LLMs are certainly becoming capable to code, find vulnerabilities, solve mathematical problems, but we need to avoid putting their works in production, or in front of other humans, without assessing it by any possible mean.
Otherwise tech leads, maintainers, experts get overwhelmed and this is how the « AI slop » fatigue begins.
To be clear I’m talking about this step:
> That preprint would have been hard for me to read, as that would have meant carefully reading Rajagopal’s paper first, but I sent it to Nathanson, who forwarded it to Rajagopal, who said he thought it looked correct.

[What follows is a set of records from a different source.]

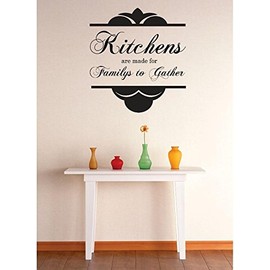 Wall Decal are Made for ’S to Gather Cookies Food Kitchen Cook Chef Gourmet Bon Viveur Fancy Holiday Gift Decorating Ideas Sticker - Size: 12 Inches X 12 Inches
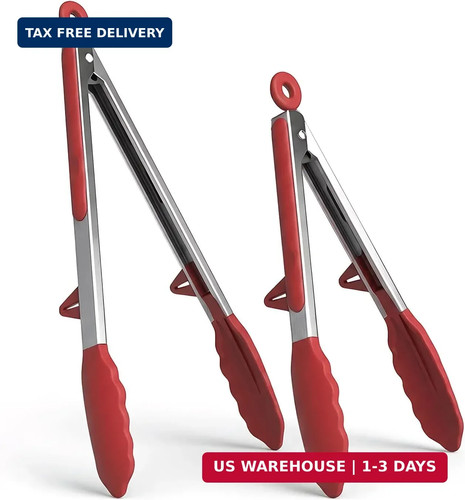 Kitchen cooking tongs set - set,, 9"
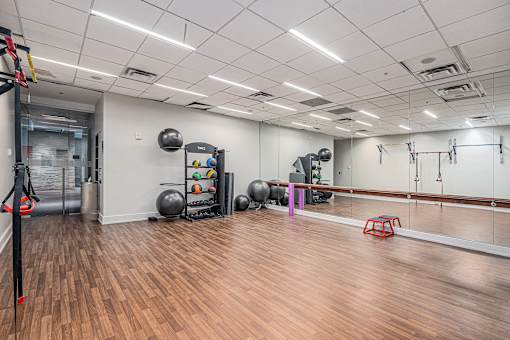 Fitness Studio at 1600 Glenarm Place, Denver, Colorado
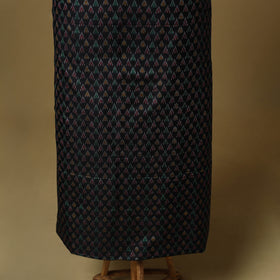 Handloom Sico Pochampally Ikat 2pc Unstitched Dress Material 01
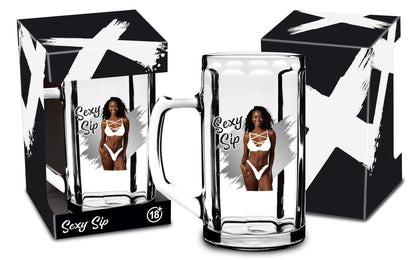 6-Kufel szklany Sexy Sip 500ml House of Mugs-6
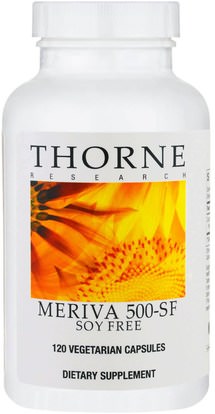 Thorne Research, Meriva 500-SF, NSF Certified for Sport, 120 Vegetarian Capsules ,المكملات الغذائية، مضادات الأكسدة، الكركمين، ميريفا فيتوسوم الكركمين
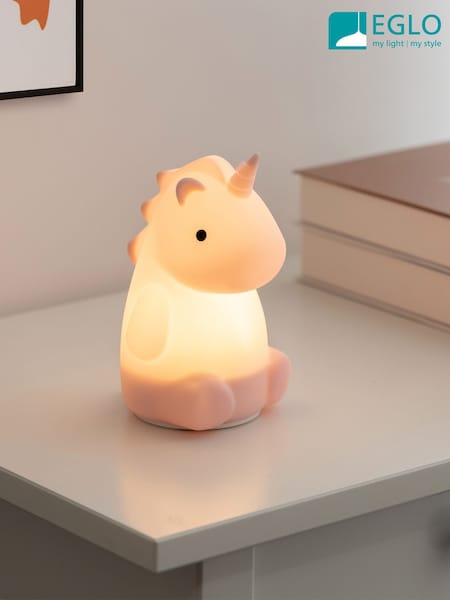 Eglo Pink Kids Castellino Fox Night Light Table Lamp (H49341) | £20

I think this is good advice in general, maybe with an emphasis on public vs. private, friendly contact. Having 0 thought AI slop thrown at you out of the blue is rude. "could have been a prompt" indeed. But having a friend/colleague ask for a quick glance at something they know you handle well is another story for me.

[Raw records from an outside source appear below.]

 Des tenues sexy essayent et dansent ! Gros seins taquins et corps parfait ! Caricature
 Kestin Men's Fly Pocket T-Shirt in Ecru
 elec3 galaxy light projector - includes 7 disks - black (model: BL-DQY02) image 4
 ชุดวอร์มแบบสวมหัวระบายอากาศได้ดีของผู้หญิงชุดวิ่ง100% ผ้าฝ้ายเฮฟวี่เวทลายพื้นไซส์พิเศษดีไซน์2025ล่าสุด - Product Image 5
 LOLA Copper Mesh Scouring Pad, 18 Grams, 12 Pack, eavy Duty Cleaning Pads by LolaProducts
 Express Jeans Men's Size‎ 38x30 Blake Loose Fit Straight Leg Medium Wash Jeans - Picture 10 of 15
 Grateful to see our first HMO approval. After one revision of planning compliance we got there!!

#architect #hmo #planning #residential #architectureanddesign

If I've worked on a subject for a few years, and know the particulars in and out, I'd have no trouble skimming something that a friend or a colleague sent me. I am sparing those 5-10 minutes for the friend, not for what they sent. And for an expert in a particular domain, often 5 minutes is all it takes for a "lgtm" or "lol no".
This is as AGI as it needs to be to get my vote. And it's scary.
Does the author know about CAISc 2026 [0]?
[0]: https://caisc2026.github.io
https://github.com/vjeranc/fixed-rtrt
M3 module was formalized fully purely from experimental data and from a nudge by earlier versions of codex in 15-30 minutes in a simple write/compile/fix-first-error loop. I was a bit surprised how fast it picked up the pattern but given there was a paper from '70s it became clear why later.
Graduate? Yes.
For publications and theses, as long as the final results hold and can be replicated and validated, I don’t see why we shouldn’t allow the wholesale use of LLMs
Maybe if you find AI to be doing stuff you find impressive, the stuff you were doing wasn't that impressive? Worth ruminating on your priors at least.